I don't think reading alone makes you a better person or better than anyone else. I think the act of reading is completely selfish (like in a good way). But why do we read at all or why should we read at all? There's some kind of magic in it, disconnecting and immersing your mind somewhere else entirely, it's like a cheap journey without going anywhere. Reading can be an escape or an education but it's honestly whatever you decide it needs to be, and it's the one thing we have as a culture that's endured centuries.
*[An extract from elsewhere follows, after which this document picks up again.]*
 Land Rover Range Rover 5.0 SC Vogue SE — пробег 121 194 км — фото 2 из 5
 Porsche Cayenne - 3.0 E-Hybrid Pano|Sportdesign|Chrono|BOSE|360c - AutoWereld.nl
There are personal reasons I read:

  • I read because I need to acknowledge someone may have better and more fleshed out ideas than me.
  • I read because being able to focus on something that requires immersion but no outcome is good for my mind.
  • I read because I need stories and narratives.
  • I read because I write things and I need to see the language being used.
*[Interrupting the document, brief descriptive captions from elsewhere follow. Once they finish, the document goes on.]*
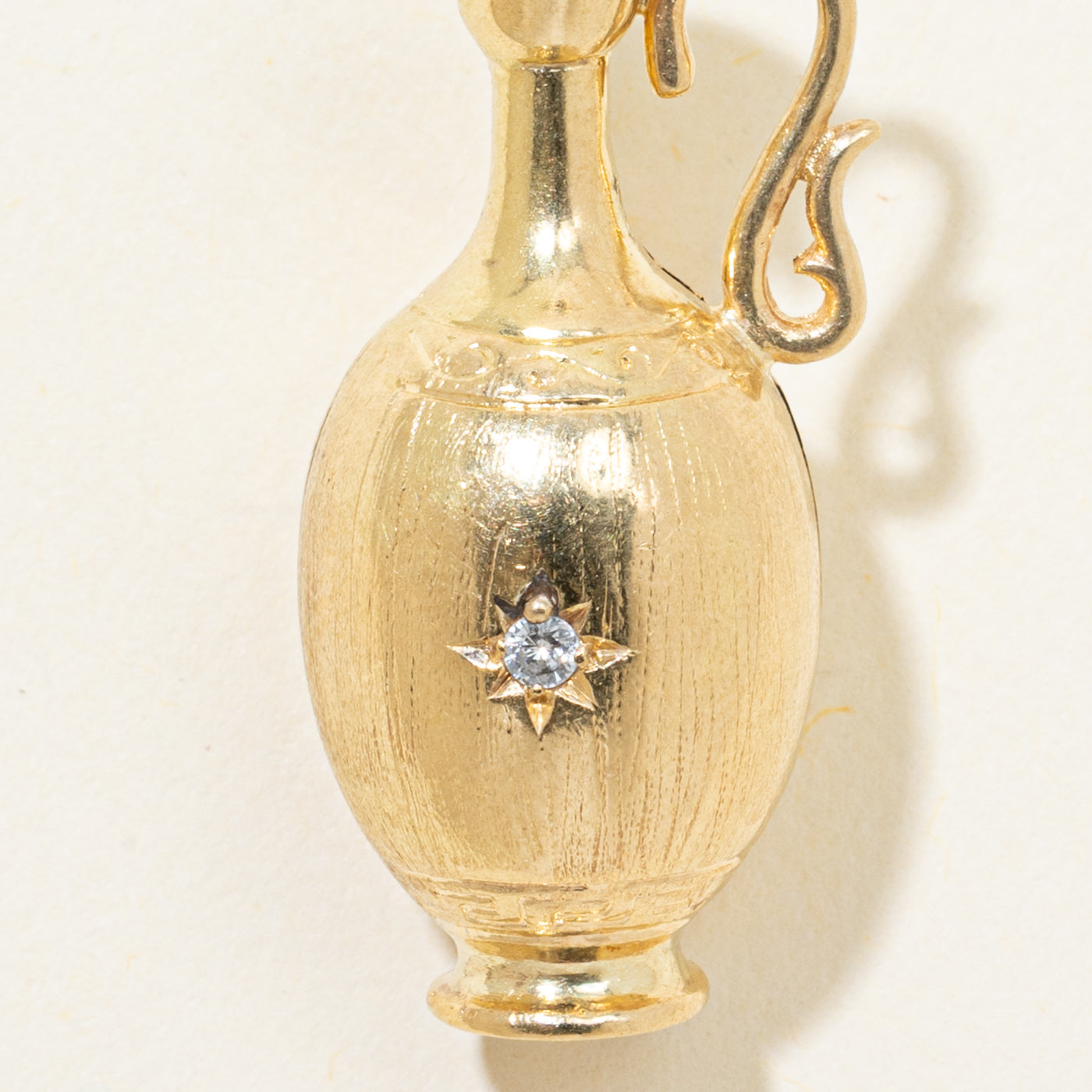 18k Star Set Diamond Lekythos Vase Pendant | 0.03ct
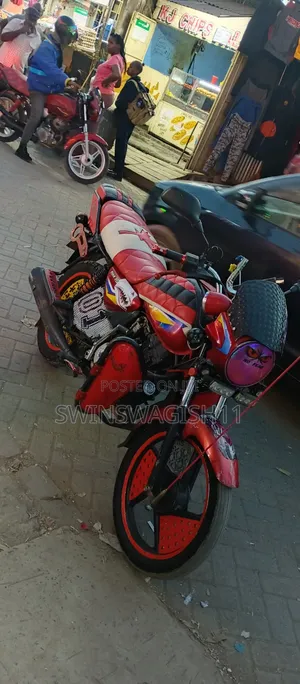 Bajaj Boxer 2023 Red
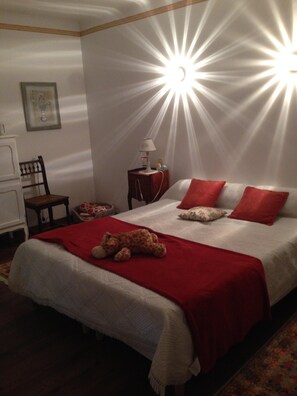 3 chambres, fer et planche à repasser, Wi-Fi, draps fournis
The novelest Walter Kirn, said about developing a joy for reading:

Alone in my room, I forgot my obsession with self-advancement. I wanted to lose myself. I wanted to read. Instead of filling in the blanks, I want to be a blank to be filled in.

The stack of Marvel comics on my shelf
Yea this pile just grew thanks to 2-day shipping.

For me comics go quickly, maybe one or two sittings and books take much much longer. I'm often listening to an audiobook while following along with a paper copy. I have no idea why I do this, but it's something just propels me to read more than I otherwise would've. I take the audiobooks to work with me. Along with podcasts, I consume them way more than anything else while I'm coding.

Between paper, audio and struggling to focus, I feel surrounded by content; fiction, non-fiction, mysteries, thrillers, sci-fi, technical, biographical. There is no wrong book. There are books that just wrong for you. Austin Kleon wrote 33 Thoughts on Reading, he outlines some really freeing ideas about reading like "don't finish books you don't like" and "the minute I finish a book, I will start a new one", both are great guides to keep in mind. You know what everything on that list is golden. The bigger theme is reading is for you, there's no wrong way to do it, it's an activity you engage with mostly through immersive commitment and it should serve you not demand of you.

In his book The Pleasures of Reading in an Age of Distraction, Alan Jacob says:

Read what gives you delight—at least most of the time—and do so without shame. And even if you are that rare sort of person who is delighted chiefly by what some people call Great Books, don’t make them your steady intellectual diet, any more than you would eat at the most elegant of restaurants every day. It would be too much. Great books are great in part because of what they ask of their readers: they are not readily encountered, easily assessed.

Kleon also wrote a set of directives on How to Read More. He recommends keeping a log of the books you read, I've been tracking mine in Notion (I kinda like Notion). This does two things: shows me what I'm reading and have to read but also what I have read, the completed stack growing is pretty basic motivation to keep reading.

Just Fucking Do It

However you choose to read, just fucking do it.

My inner life is generally better when I spend an afternoon with no obligations. I go get a haircut, which is next to a terrible pizza place and after my trim, I stomach a slice and read through the Stranger, a free local paper. Sometimes this takes a different gastroenterological state: teriyaki and catching on all the "Read Later" posts and articles on my phone. I think the next incarnation of this is going to be a wine bar, with a great book.

It's a reminder. I have a lot of obligations (or at least feel like I do), and as I give myself away to each of those things there ends up being less to go around if I don't do things that are just for me.

Reading by it's nature is one of the few things left on the planet that can be only for you. Let it.